More Quantitative Pathogenicity Assessment
While Figure S1 documents the infection of Hyphantria cunea larvae, the manuscript would benefit from quantified bioassays (e.g., mortality rates, LT₅₀/LC₅₀) across multiple insect taxa to correlate genetic traits with observed phenotypes (at least discuss it).

Author response: As indicated in our earlier response, virulence assays of C. coronatus against H. cunea larvae fall beyond the genomic scope of this study. These experimental validations will be presented in a separate manuscript focused specifically on host-pathogen interaction dynamics.

• Redundancies and Formatting
  There are scattered grammatical errors and some redundancy in discussion (e.g., repetition of virulence gene families). The authors should also ensure consistent formatting of gene and species names throughout.

Author response: We thank the reviewer for highlighting these important editorial considerations. We make necessary modifications. 

• Gene Family Expansion Clarification
  The manuscript would be strengthened by statistical analyses (e.g., CAFE) to formally test for significant expansions in gene families (e.g., CAZymes, GPCRs, TFs), rather than relying on raw counts alone.

Author response: We appreciate the reviewer's insightful suggestion regarding statistical validation of gene family expansions. Our current comparative approach prioritizes direct quantitative comparison of their genomes traits on host ranges: Comparable genomic scales: C. coronatus (11,128 annotated genes) and C. obscurus (10,568 genes) exhibit nearly identical total gene counts, making raw count comparisons biologically meaningful for initial expansion assessment. Accessibility focus: Direct numerical presentation (e.g., GPCRs: 125 vs. 28; CAZymes: 430 vs. 367) provides immediate intuitive understanding of functional differences for broad readership.

 

• Minor Technical Issues in Supplement
  Some supplementary tables lack consistent units or headings (e.g., Table S1 abbreviations). These should be clarified for reproducibility and accessibility.

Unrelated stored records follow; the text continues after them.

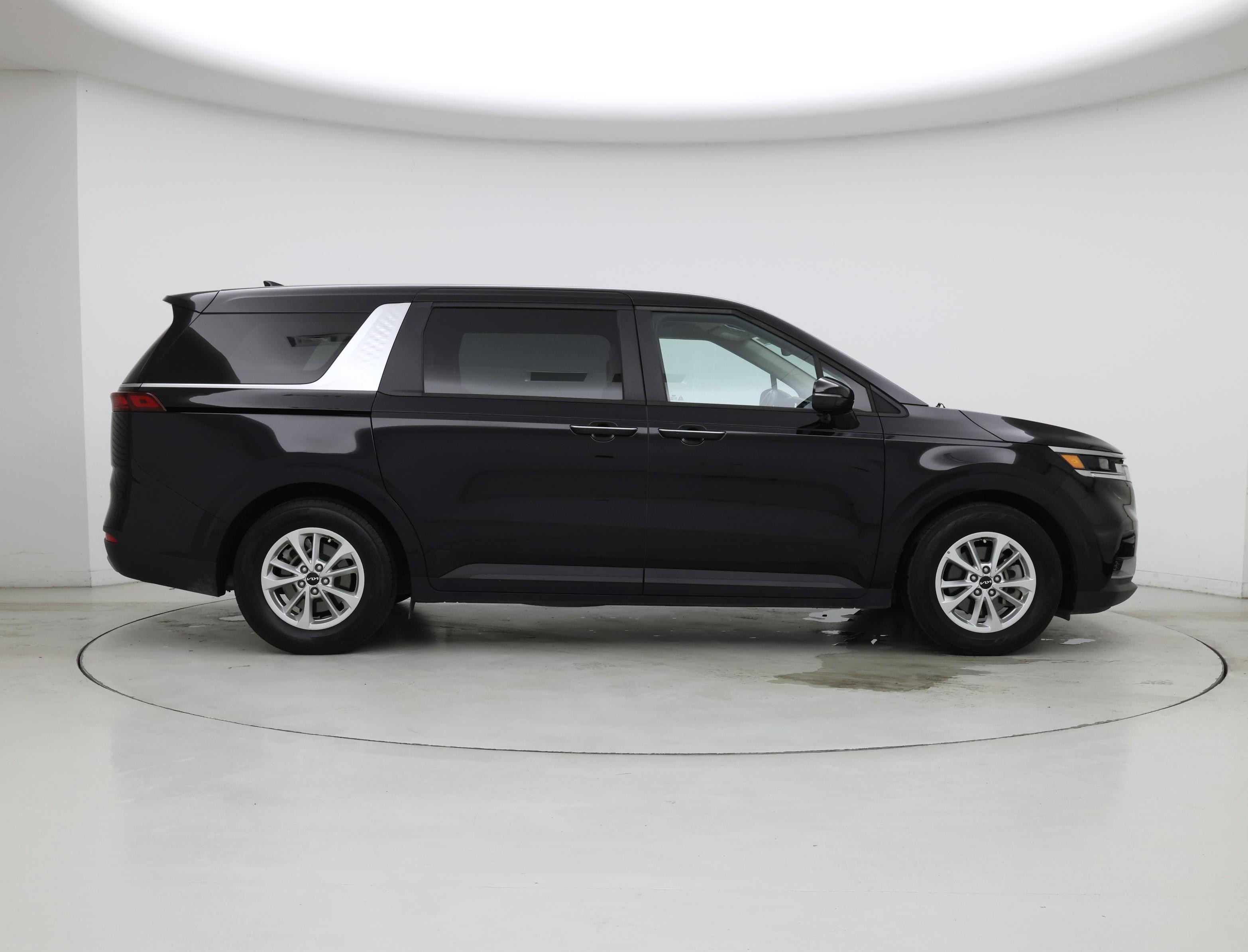 Thumbnail: 2023 Kia Carnival - 7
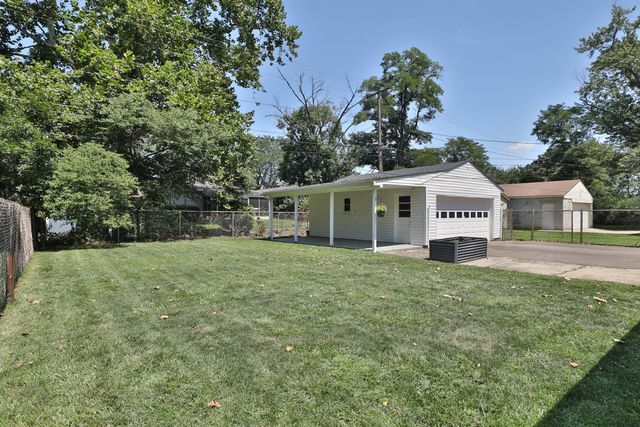 4704 Hillcrest Street N, Hilliard, OH 43026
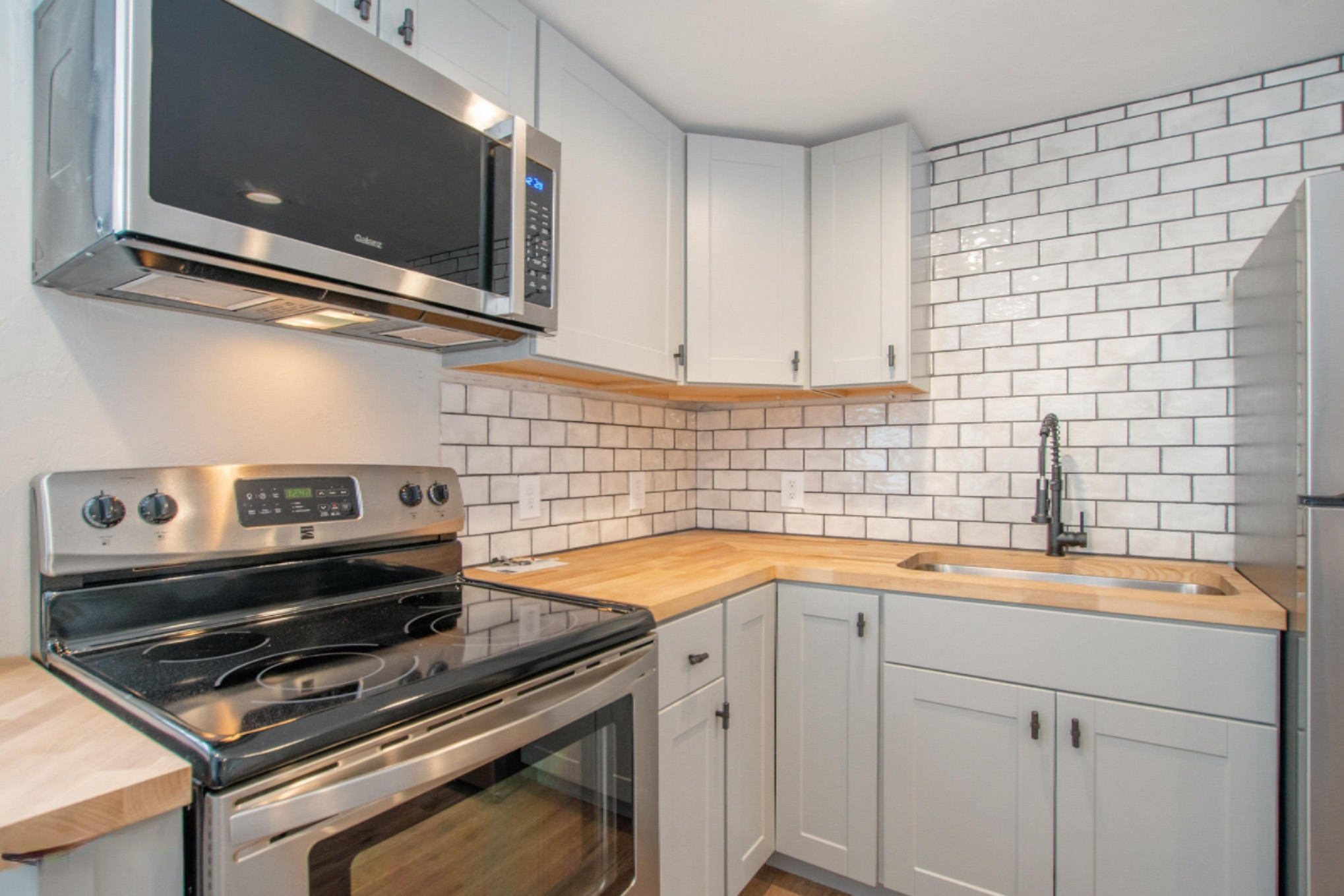 453 North Buys Road Muskegon, MI 49445 - Photo 7 of 22 DSC06517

Author response: modified.

Minor Suggestions:

• Add a schematic summarizing key expanded gene families and their functional roles across infection stages.

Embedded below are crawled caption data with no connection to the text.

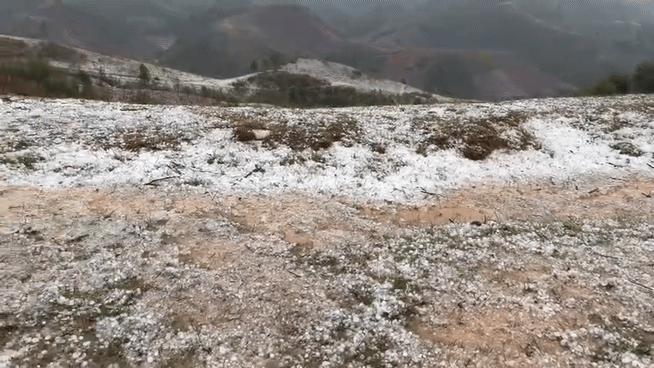 Mưa đá phủ trắng núi đồi ở Điện Biên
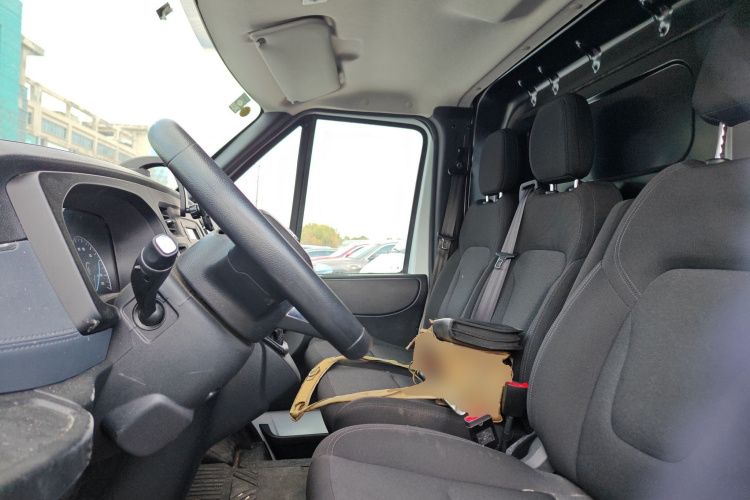 江铃福顺 2022款 2.0T 手动厢式运输车中轴中高顶3座中控内饰19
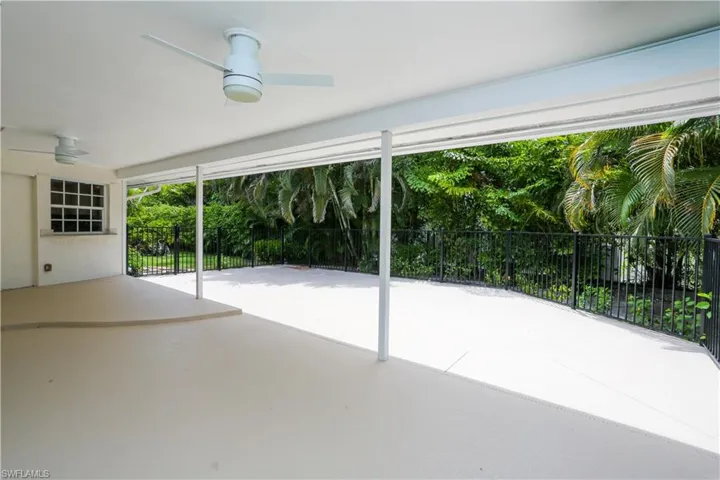 2901 Crayton Rd, Naples, Florida 34103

Author response: We have added Supplementary Table S19 to comprehensively summarize the expanded gene families and their functional roles across infection stages, as requested. 

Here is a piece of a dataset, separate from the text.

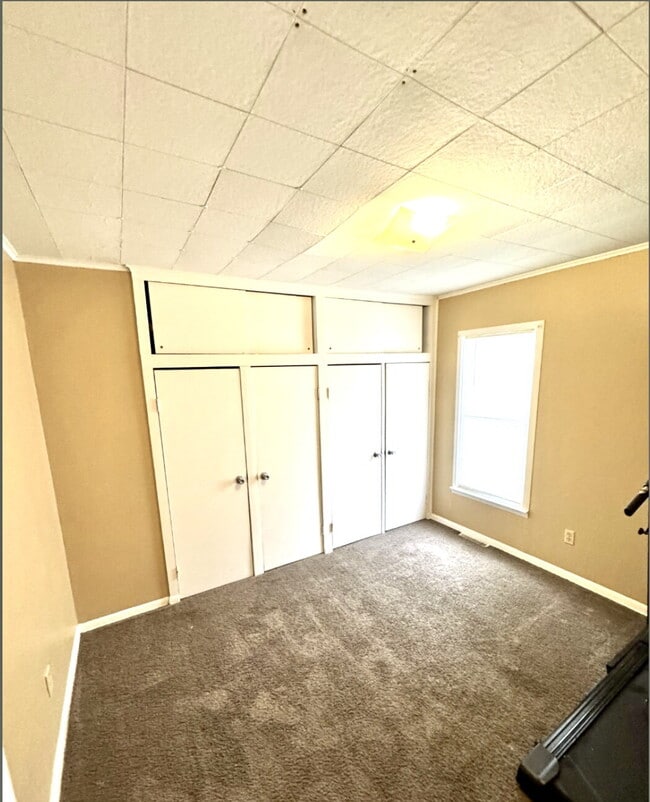 Building Photo - 2 bed, 1 bath Lower Unit in Duplex Available!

• Include additional host-range metadata, if available, from lab or field studies.

Author response: sorry, unavailable data.

• Provide a summary table linking major findings to ecological implications (e.g., CAZyme → cuticle degradation → host penetration).

Author response: We appreciate the suggestion to summarize gene family functions in tabular form. We presented the information in the supplementary Table S19.

Round 2

Reviewer 1 Report

I have no major comments

I appreciate the opportunity to review again the MS jof-3761496. The authors have modified and improved the manuscript that was submitted previously. I only have a minor correction:  It is not necessary to mention the supplementary table (line 435) in the conclusion.

Author Response

Minor comments:

I appreciate the opportunity to review again the MS jof-3761496. The authors have modified and improved the manuscript that was submitted previously. I only have a minor correction:  It is not necessary to mention the supplementary table (line 435) in the conclusion.

Author response: Thanks for your suggestion! we transfer (Supplementary Table S19) to the first paragraph in Discussion.